Expect non-analytics products to get smarter, and expect changes coming down the pipeline. We’ve already seen a few happen in June. Flying a little under the radar was Logi Analytic’s purchase of Zoommdata, incorporating the startup’s intellectual properties into their own brand, as well as a few other major buyouts.
Who Is Buying Who?
- Google bought Looker for $2.6 billion
- Salesforce bought Tableau for $15.7 billion
- Logi Analytics bought Zoomdata (Amount not disclosed)
- Sisense merged with Periscope Data (Amount not disclosed)
- Hortonworks was bought by Cloudera
What if You’re Only a Tableau Customer?
If you only use Tableau and NOT Salesforce CRM, then rest assured. According to TechCrunch, the popular analytics platform will continue to operate independently under its own brand (perhaps with some friendly pushing towards Salesforce — and some useful hook-ins). Not even the current leadership team at Tableau, headed by Selipsky, is set to change after the buyout finishes.
How Should my Business Build Its Requirements After the Acquisition?
Now this is an important question, and one that has a clearer answer than you might think. For customers who are in the market for a CRM, it might be smart to check over your CRM requirements (and we offer a handy little checkup for just such purposes) first, as things are set to change with one of the world’s largest CRM platforms.

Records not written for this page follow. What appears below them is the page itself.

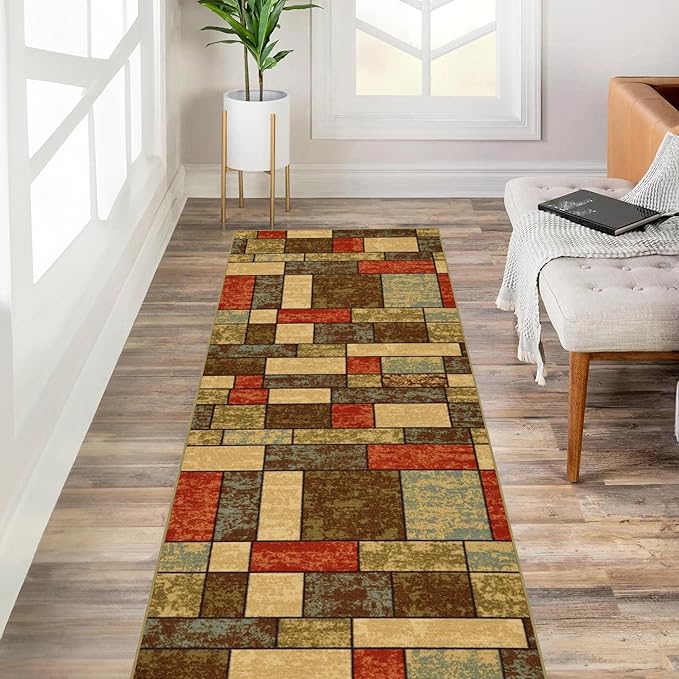 Kapaqua Custom Size Multicolor Stone Boxes Rubber Backed Non-Slip Hallway Stair Runner Rug Carpet 31 inch Wide Choose Your Length 31in X 4ft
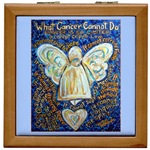 Blue & Gold Cancer Angel Framed Tile Box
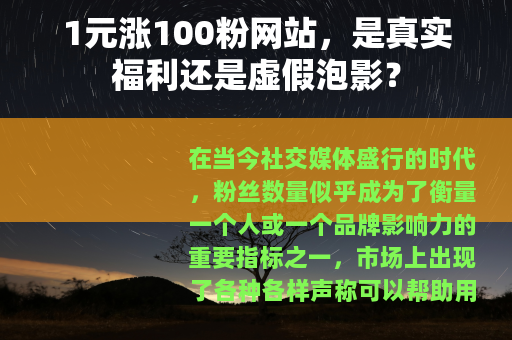 1元涨100粉网站，是真实福利还是虚假泡影？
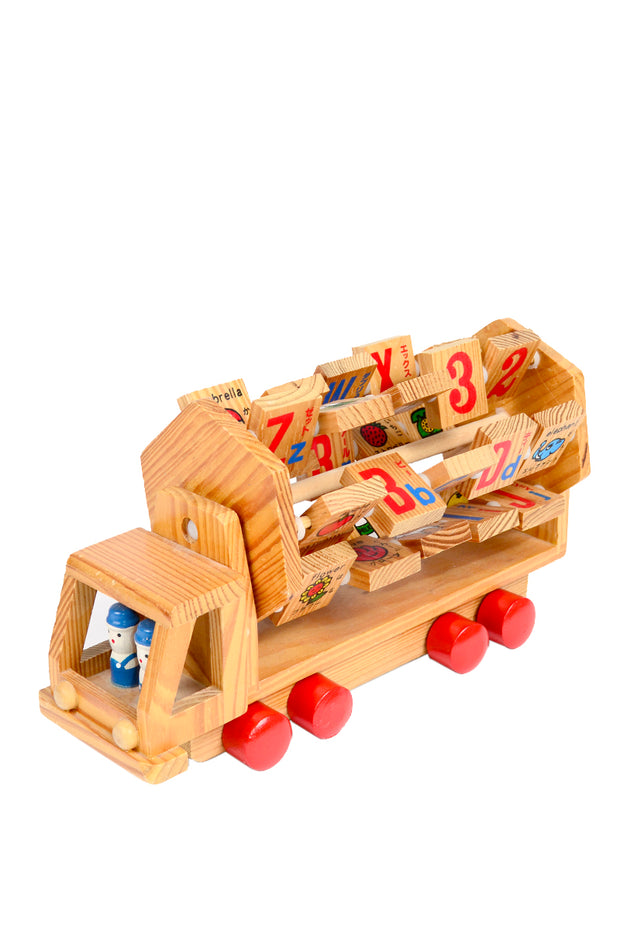 learn numbers with wooden truck toy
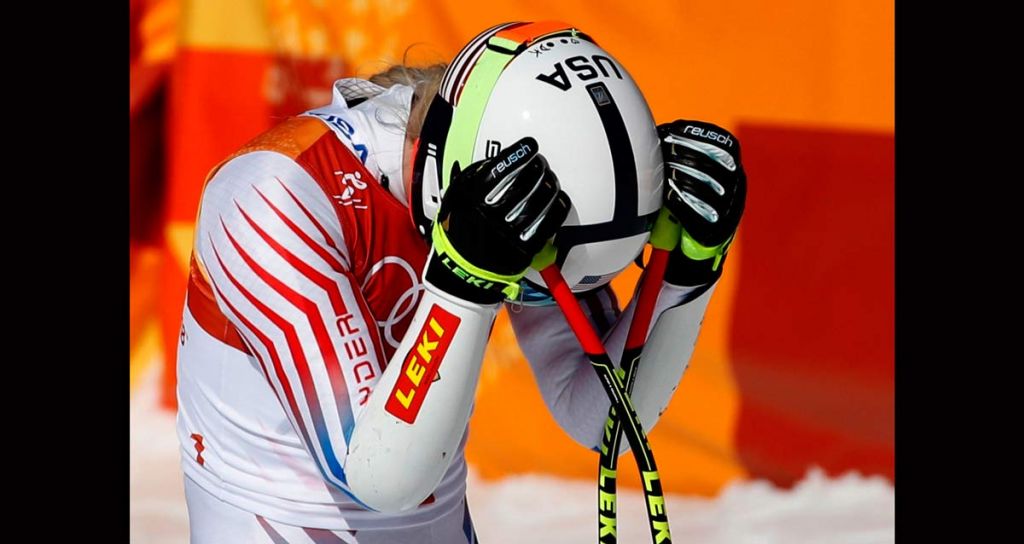 United States&#039 Lindsey Vonn reacts in the finish area after competing in the women's super-G at the 2018 Winter Olympics in Jeongseon South Korea Saturday Feb. 17 2018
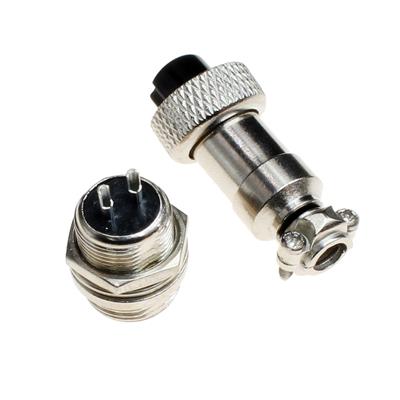 CONNECTOR GX12-2 M&F | CONNECTOR GX12-2 | کانکتور نظامی فلزی 2 پین GX12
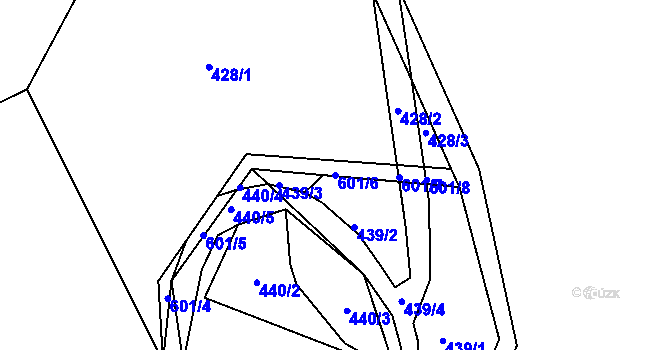 Parcela st. 601/6 v KÚ Vatín, Katastrální mapa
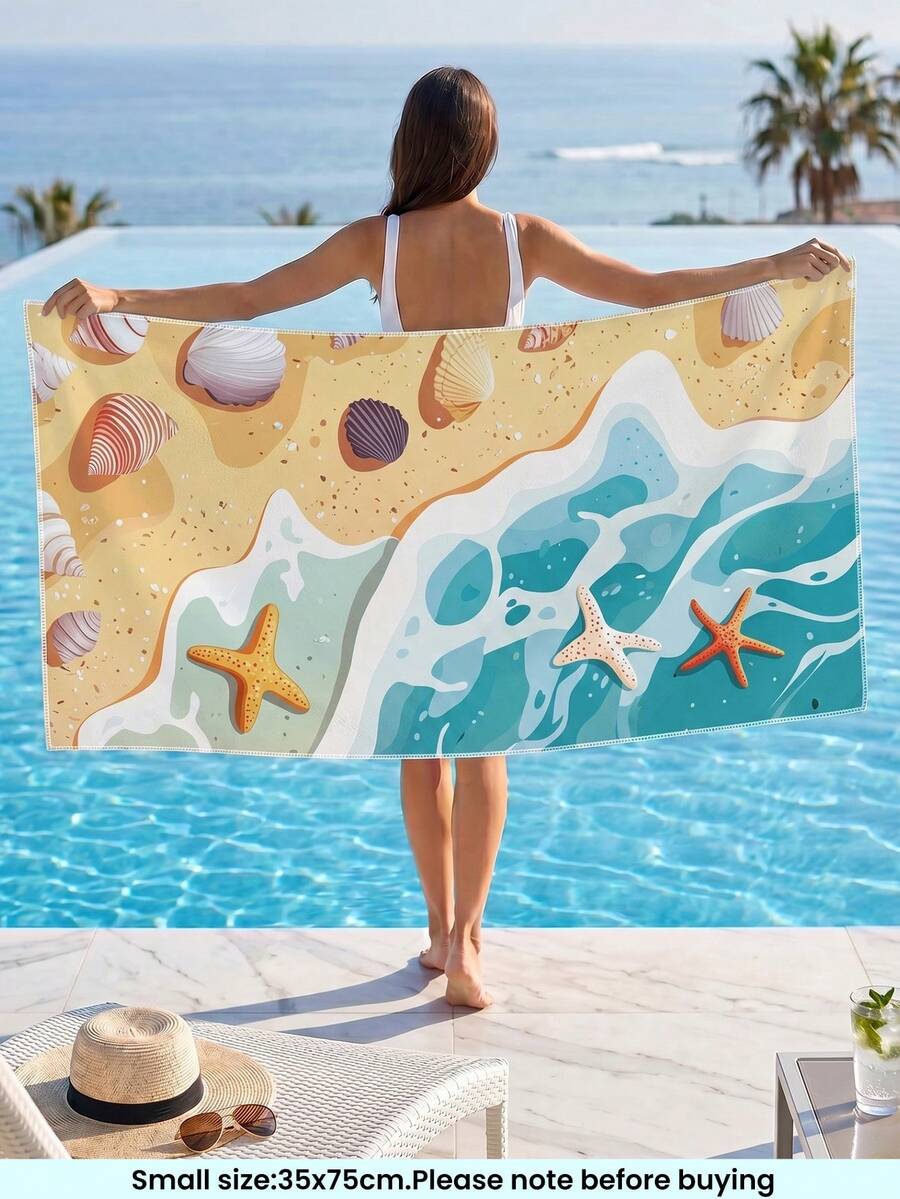 1件海灘毛巾、浴巾、游泳毛巾、貝殼印花海灘毯,超強吸水毛巾適用於浴室,所有尺寸均有,特大號尺寸亦有,適用於游泳、健身、瑜伽,柔軟舒適的超細纖維毛巾,輕便便攜,防風防紫外線,防沙 - 彩色 - 查看 1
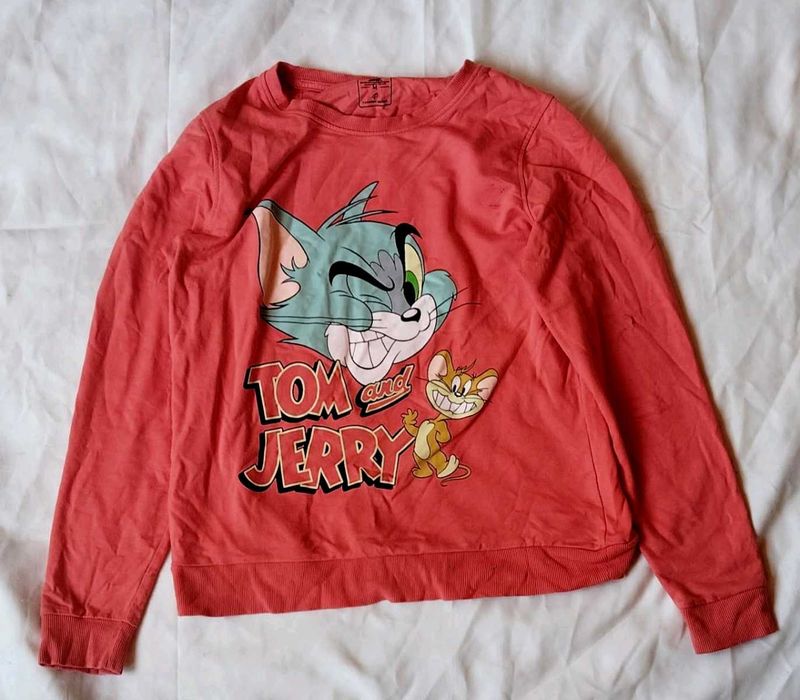Red Tom &amp; Jerry Graphic Sweatshirt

Requirements gathering is a good way to “take a breather” in the fast-paced and ever-changing world of software. Think of it as getting your head on straight. With all the acquisitions we covered in this article, it might feel like you’re in sharky waters no matter what software solution you’re seeking.
Salesforce might not have filled all of your gaps back when it was a standalone CRM, but now that it’s about to become infused with the power of Tableau, it could be a stronger option for customers who need greater data inclusion in their decision making processes.
And if you’re searching for a business analytics product instead of a CRM? Tableau is still a compelling option, even with its brave new future. We’ve gone through the list of notable BI and BA products and pitted them against Tableau in a comprehensive comparison, and Tableau still remains one of the most lauded products in the analytics game. It offers users robust and powerful analytics solutions, machine learning, and artificial intelligence, and is suited for businesses of any size.
But there are alternatives to Tableau if you or your business are feeling shaken by the prospect of Salesforce encroaching upon your analytics needs. In truth, though Tableau will be operating under its own brand for the time being, we don’t know exactly what’s in store for its future, or its integrations, or if Salesforce is going to stay hands-off like some analysts predict. Only time will tell.